To add a further complication, this man, Miles Lufton, born to an English clergyman’s family in 1782, thinks of himself as two men: Miles, the part of himself that would be happy to live in Wiltshire and “listen to the nightingale,” and Pronto, the social-climbing MP whose only goal in life is to enrich himself. The title refers to a house that Miles buys with Pronto’s gains with the idea that it can become a retreat for his better self, but this does not turn out as he had expected or hoped, as with so much else in his life. As he writes his memoirs he reflects on how the split in his being arose and how it may be bridged — perhaps by the evolution of a “third man,” one who can witness and transcend the limitations of both Miles and Pronto.
Miles’s life journey is framed by two love stories, one that takes place in his ignorant youth and one that arises as he approaches middle age. Here Kennedy is working with much the same material that occupied Georgette Heyer in her Regency romances, but gives it a more melancholy, reflective spin than those lighthearted concoctions do. Miles is always failing himself and others, and yet I don’t see him as a failure. His struggles resonate with our own, his quest for self-integration is both highly modern and one of the most ancient, archetypal human experiences. The ending is not a conventionally happy one, and yet it is somehow not depressing. By gaining self-knowledge, Miles has also gained a measure of freedom, and so his suffering is not felt to be in vain.
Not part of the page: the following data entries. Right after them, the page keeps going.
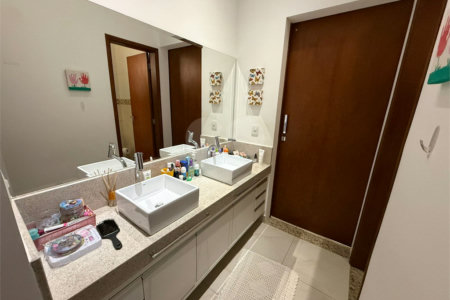 Casa à venda com 3 quartos, sendo 1 suíte,  no condomínio Reserva dos Vinhedos, Louveira - SP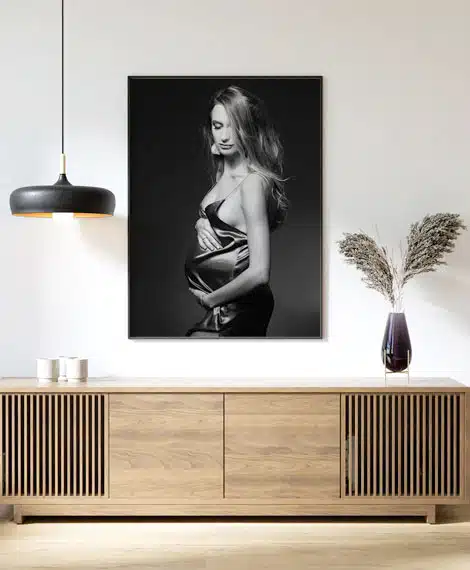 Diferentes tipos de quadros, incluindo quadros em acrílico, quadros em MDF, quadros personalizados e molduras. Proalbuns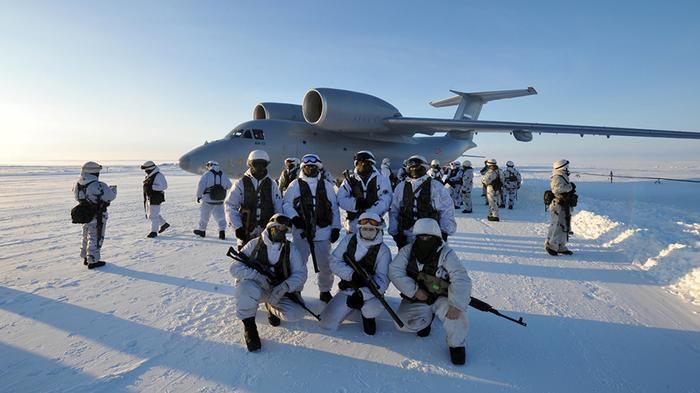 Russiske soldater på øvelse i Arktis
Kennedy’s evocation of the late eighteenth and early nineteenth centuries (with some Victorian interludes) is lightly and expertly done. She crafts her language carefully to locate us in the period without sounding archaic. She has no need to throw about Regency slang or refer to details of fashion or etiquette; her characters simply exist in the time that belongs to them, without undue fuss and bother. To appreciate how she does this is yet another reason for rereading.
These are just a few of the thoughts that arose as I read this complex, playful, insightful and challenging novel. I don’t want to give away too many details, because part of the fun of reading is to discover them for yourself. If you venture to do so, be sure to plough through the framing letters at the beginning, which can be rather tough going, and get into Miles’s first Journal. I hope you will be quickly drawn into his story, as I was, and not want to leave.